§ EXERCISE GOAL
Spot each line in the data below containing "black" and copy it.

[Start of Attachment]

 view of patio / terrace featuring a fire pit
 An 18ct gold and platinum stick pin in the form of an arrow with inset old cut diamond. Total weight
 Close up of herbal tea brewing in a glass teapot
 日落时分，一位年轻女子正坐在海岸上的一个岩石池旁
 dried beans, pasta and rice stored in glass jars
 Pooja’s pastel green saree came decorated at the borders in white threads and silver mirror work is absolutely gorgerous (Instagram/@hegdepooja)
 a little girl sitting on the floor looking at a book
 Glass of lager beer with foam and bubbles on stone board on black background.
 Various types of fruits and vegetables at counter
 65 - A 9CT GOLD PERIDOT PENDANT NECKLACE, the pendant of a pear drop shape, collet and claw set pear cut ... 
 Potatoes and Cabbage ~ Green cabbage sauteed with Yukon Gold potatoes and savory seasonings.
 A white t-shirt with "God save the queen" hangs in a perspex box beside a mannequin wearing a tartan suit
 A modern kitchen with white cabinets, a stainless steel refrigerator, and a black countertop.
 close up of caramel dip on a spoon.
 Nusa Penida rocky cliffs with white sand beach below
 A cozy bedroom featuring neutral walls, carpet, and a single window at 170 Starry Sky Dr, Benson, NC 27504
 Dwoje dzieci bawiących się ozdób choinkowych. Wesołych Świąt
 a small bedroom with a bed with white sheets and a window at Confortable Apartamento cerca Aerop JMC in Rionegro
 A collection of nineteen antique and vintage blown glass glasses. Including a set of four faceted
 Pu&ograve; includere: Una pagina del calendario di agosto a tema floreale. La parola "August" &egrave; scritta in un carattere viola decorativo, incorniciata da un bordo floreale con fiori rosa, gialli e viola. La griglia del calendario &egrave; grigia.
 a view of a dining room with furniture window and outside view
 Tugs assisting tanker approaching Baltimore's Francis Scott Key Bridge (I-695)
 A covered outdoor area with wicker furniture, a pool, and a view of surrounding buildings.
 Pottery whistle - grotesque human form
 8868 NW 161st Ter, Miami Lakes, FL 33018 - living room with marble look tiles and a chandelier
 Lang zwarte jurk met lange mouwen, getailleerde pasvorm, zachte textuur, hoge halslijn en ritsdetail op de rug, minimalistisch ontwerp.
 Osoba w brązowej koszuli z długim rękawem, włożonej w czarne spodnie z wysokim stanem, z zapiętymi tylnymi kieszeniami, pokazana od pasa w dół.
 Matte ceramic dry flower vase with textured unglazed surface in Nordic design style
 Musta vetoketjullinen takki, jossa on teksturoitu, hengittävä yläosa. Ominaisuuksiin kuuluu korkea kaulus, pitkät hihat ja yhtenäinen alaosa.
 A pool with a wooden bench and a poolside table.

[End of Attachment]

§ TASK ANSWER
 Glass of lager beer with foam and bubbles on stone board on black background.
 A modern kitchen with white cabinets, a stainless steel refrigerator, and a black countertop.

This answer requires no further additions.